Characterization of Subtilin L-Q11, a Novel Class I Bacteriocin Synthesized by Bacillus subtilis L-Q11 Isolated From Orchard Soil

Yuxuan Qin  1   2 Yao Wang  1 Yinghao He  2 Ying Zhang  1 Qianxuan She  2 Yunrong Chai  2 Pinglan Li  1 Qingmao Shang  3
Affiliations

Characterization of Subtilin L-Q11, a Novel Class I Bacteriocin Synthesized by Bacillus subtilis L-Q11 Isolated From Orchard Soil

Yuxuan Qin et al. Front Microbiol. .

Abstract

Bacteriocins are peptides or proteins synthesized by bacterial ribosomes that show killing or inhibitory activities against different groups of bacteria. Bacteriocins are considered potential alternatives to traditional antibiotics, preservatives in pharmaceutical and food industries. A strain L-Q11 isolated from orchard soil was phylogenetically characterized as Bacillus subtilis based on 16S rRNA gene sequencing analysis. A novel class I bacteriocin (Subtilin L-Q11), was identified and purified from L-Q11 cell-free supernatant in a four-step procedure, including salt precipitation, cation exchange, gel filtration, and reverse-phase high-performance liquid chromatography (RP-HPLC). The molecular mass (3,552.9 Da) of this novel bacteriocin was determined by Matrix-assisted laser desorption/ionization time-of-flight mass spectrometry (MALDI-TOF-MS). The purified Subtilin L-Q11 exhibited optimal features in pH tolerance, thermostability, and sensitivity to proteases.
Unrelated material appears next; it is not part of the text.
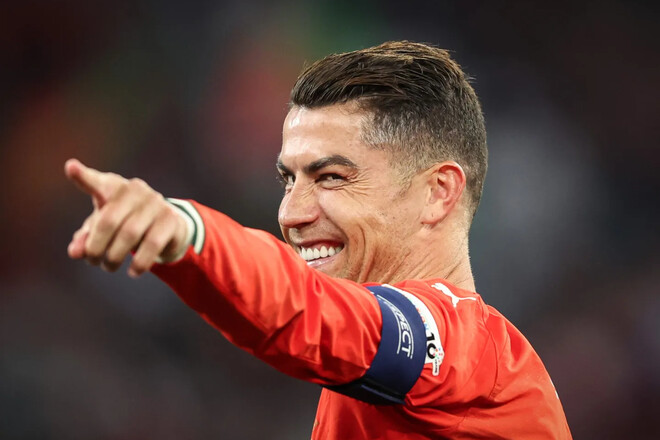 Кріштіану РОНАЛДУ: «Мені боляче бачити цей клуб у такому стані»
Further, Subtilin L-Q11 showed inhibitory activities against a number of bacteria including some human pathogens and food spoilage bacteria, in particular Staphylococcus aureus. All these important features make this novel bacteriocin a potential candidate for the development of a new antibacterial drug or food preservative in the future.

Keywords: Bacillus subtilis; Subtilin L-Q11; antibacterial activity; antibacterial mechanism; bacteriocin.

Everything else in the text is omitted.